Page:Revue des Deux Mondes - 1865 - tome 57.djvu/287

La bibliothèque libre.
Le texte de cette page a été corrigé et est conforme au fac-similé.

Jadis il avait quelques ménagemens, il s’arrêtait à mi-chemin dans l’injustice ; aujourd’hui, appuyé sur une garnison de dix-huit mille hommes, il ne craint plus les mécontens. Aussi personne ne doute que le jour où les Français partiront ne soit le dernier jour de la souveraineté papale.

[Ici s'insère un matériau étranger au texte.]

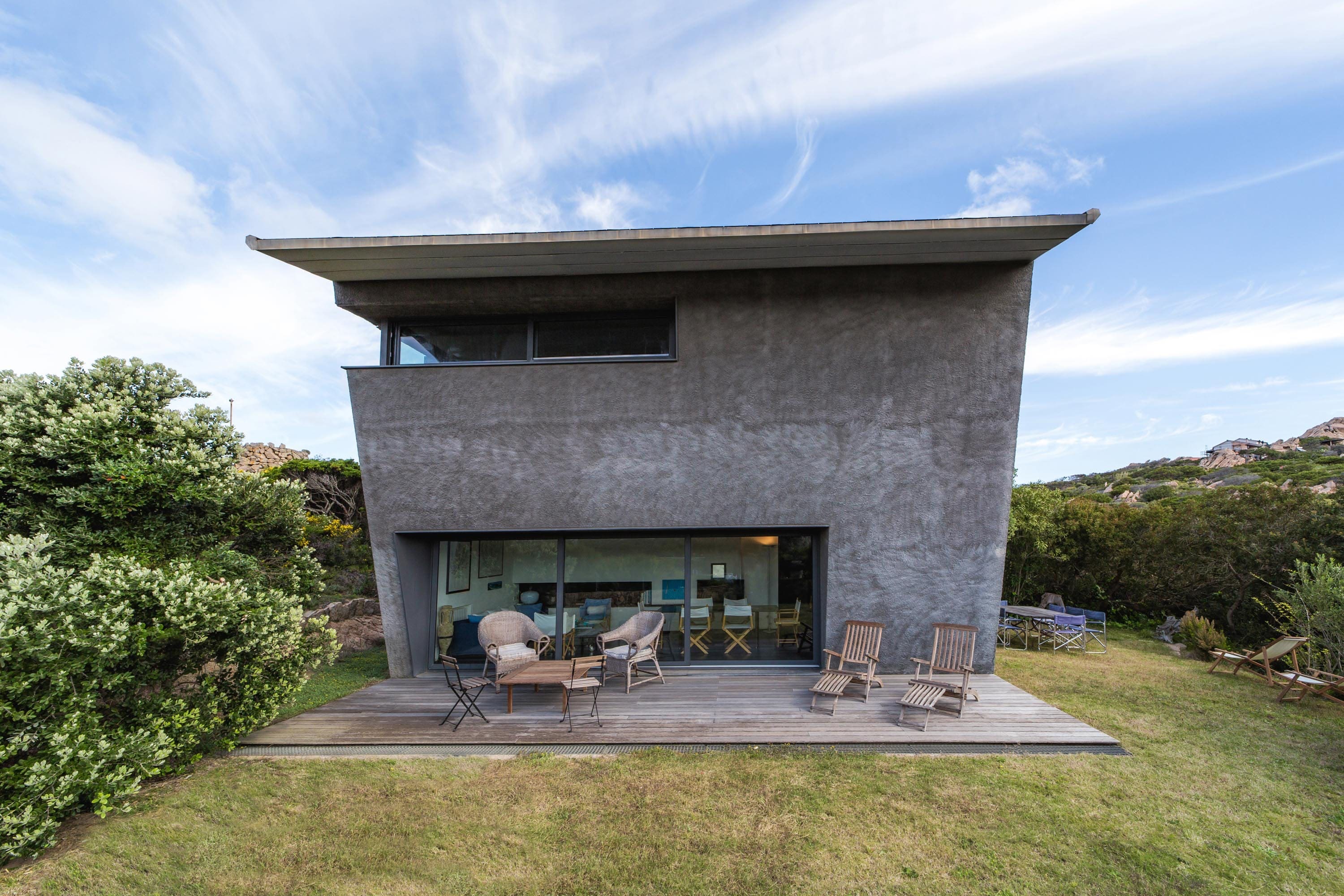 Vista Mare Sassari: Elegant 3-Bedroom Apartment with Seaviews in Sassari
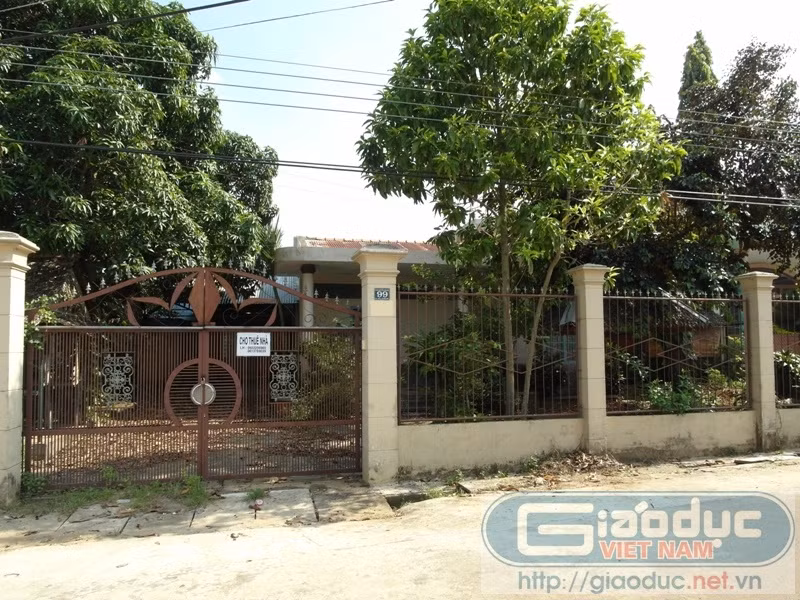 Nhưng từ khi treo biển "cho thuê nhà" đến nay, vẫn chưa có ai hỏi thuê... Về nhà Hoàng My ở Đồng Nai: Thuê bình thường thì được, cấm 'gái góc'!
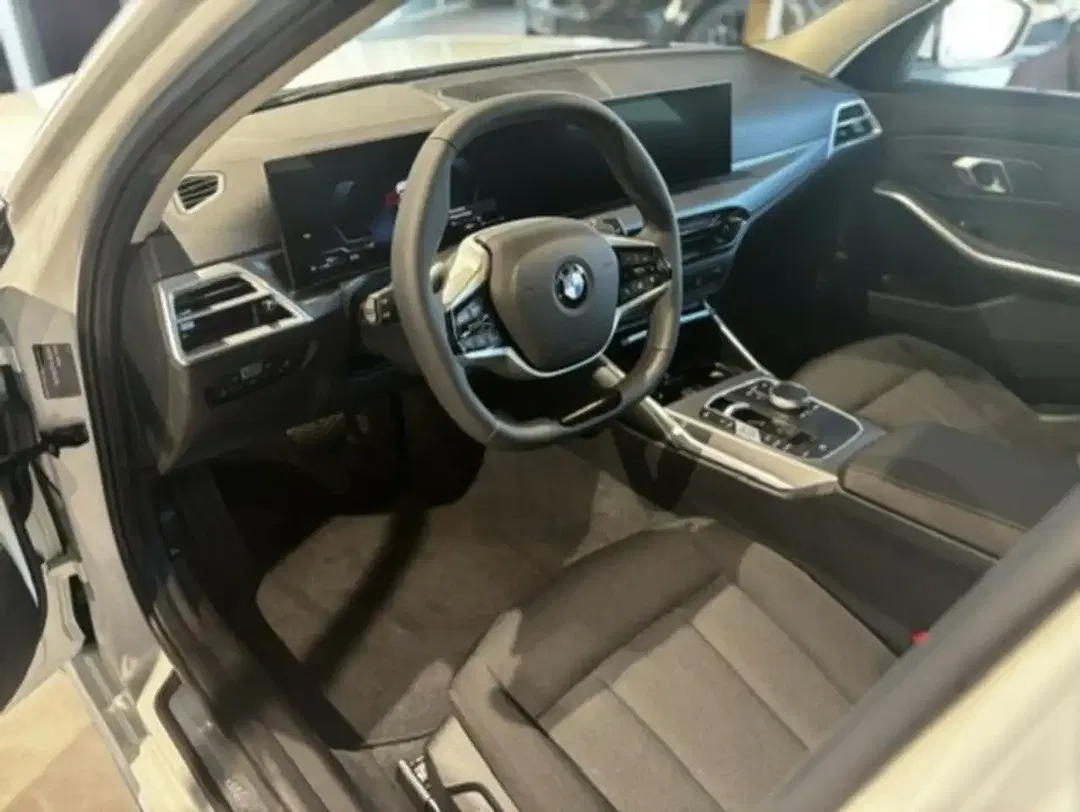 BMW 320 - Thumbnail 6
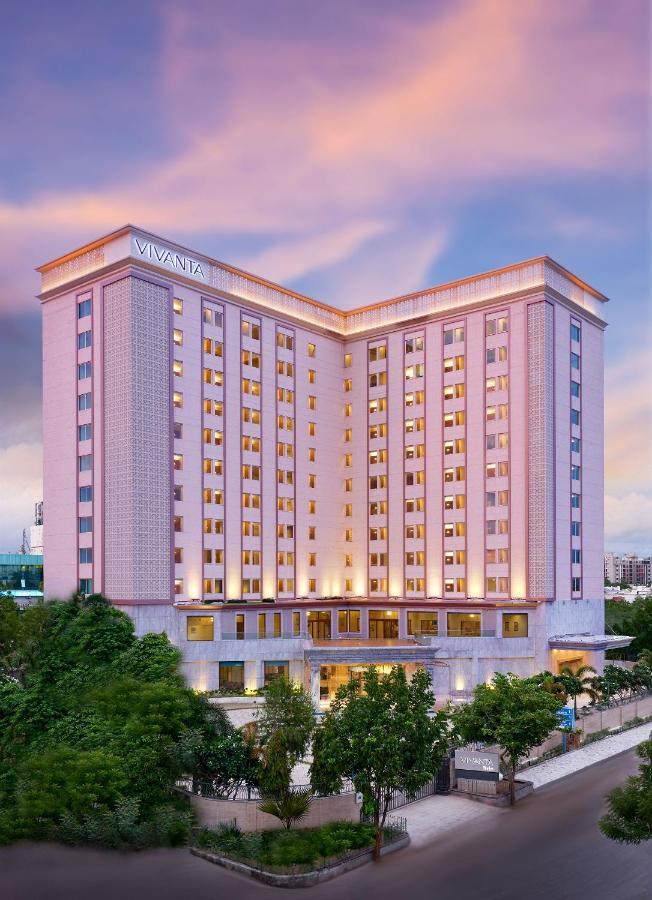 Vivanta Ahmedabad Sg Highway Extérieur photo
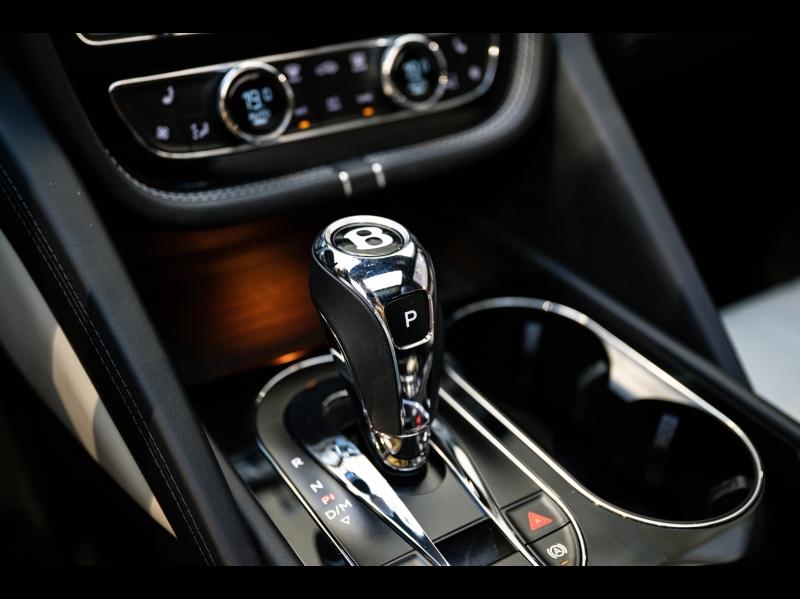 Voitures occasions BENTLEY Bentayga Base Paris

Je tâche de me faire marquer nettement la limite et l’étendue de cette oppression. Elle n’est pas violente, atroce, comme celle des rois de Naples ; au sud, l’ancienne tyrannie espagnole avait laissé des habitudes de cruauté : il n’en est point de même à Rome. On n’y prend pas un homme tout d’un coup pour le mettre au fond d’une basse fosse, lui jeter tous les matins un seau d’eau glacée sur le corps, le torturer et l’hébêter ; mais s’il est libéral et mal noté, la police fait une descente chez lui, saisit ses papiers, fouille ses meubles et l’emmène. Au bout de cinq ou six jours, une sorte de juge d’instruction l’interroge ; d’autres interrogatoires suivent, les écritures font une liasse qui, après beaucoup de longueurs, est mise aux mains des juges proprement dits. Ceux-ci l’étudient non moins longuement ; l’un est resté trois mois prisonnier sur prévention, l’autre six mois. Le procès s’ouvre ; il est censé public, mais ne l’est pas : le public reste à la porte, on admet trois ou quatre spectateurs, gens connus, éprouvés, et qui entrent avec des billets. — D’autre part, la police profite des accidens. Il y a quinze jours, à sept heures du soir, à deux pas du Corso, on a assassiné deux personnes dans leur voiture, et on leur a volé 10,000 piastres ; la police n’a pas trouvé les coupables, et se sert de cette occasion pour mettre provisoirement quelques libéraux sous les verrous. — Tout le monde a entendu parler de ce procès récent dont le comité romain déroba les pièces. Le principal témoin à charge était une fille publique : elle a dénoncé non-seulement les gens qui venaient chez elle, mais d’autres qui ne l’avaient jamais vue. Un jeune homme qu’on me cite y fut impliqué, arrêté de nuit, jugé secrètement, condamné à cinq ans de prison ; il a juré à son frère, dans un entretien intime, qu’il était innocent. — Les lois sont passables, mais l’arbitraire les corrompt et pénètre dans les peines comme dans les grâces ; aussi personne ne compte sur la justice, ne consent à être témoin, ne répugne aux coups de couteau, ne se croit à l’abri d’une dénonciation, n’est sûr de dormir le lendemain dans son lit et dans sa chambre.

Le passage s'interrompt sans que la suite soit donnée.